- [Problem to work on]: Once you have located the line containing "hot sale 100pcs" in the material below, return it exactly along with each line after it through the line containing "West Passage-rhode Island".

- [Exercise inputs]:

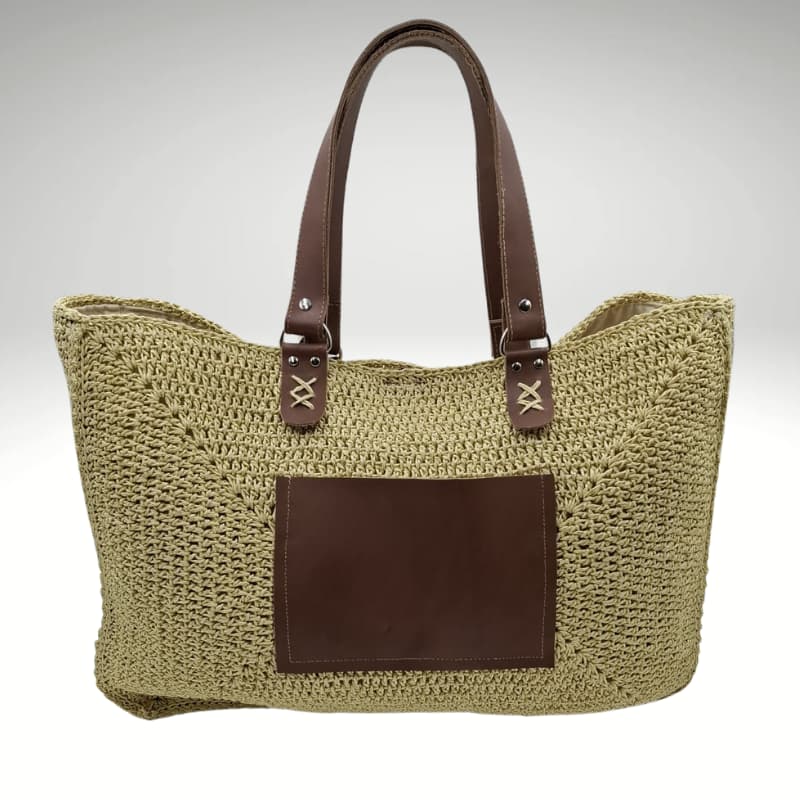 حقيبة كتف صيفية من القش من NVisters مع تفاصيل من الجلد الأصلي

...

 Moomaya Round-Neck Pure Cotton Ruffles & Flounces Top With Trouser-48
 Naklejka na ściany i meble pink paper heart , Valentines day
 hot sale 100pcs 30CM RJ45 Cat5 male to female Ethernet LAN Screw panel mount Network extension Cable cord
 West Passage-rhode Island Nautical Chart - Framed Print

- [Reply]:
 hot sale 100pcs 30CM RJ45 Cat5 male to female Ethernet LAN Screw panel mount Network extension Cable cord
 West Passage-rhode Island Nautical Chart - Framed Print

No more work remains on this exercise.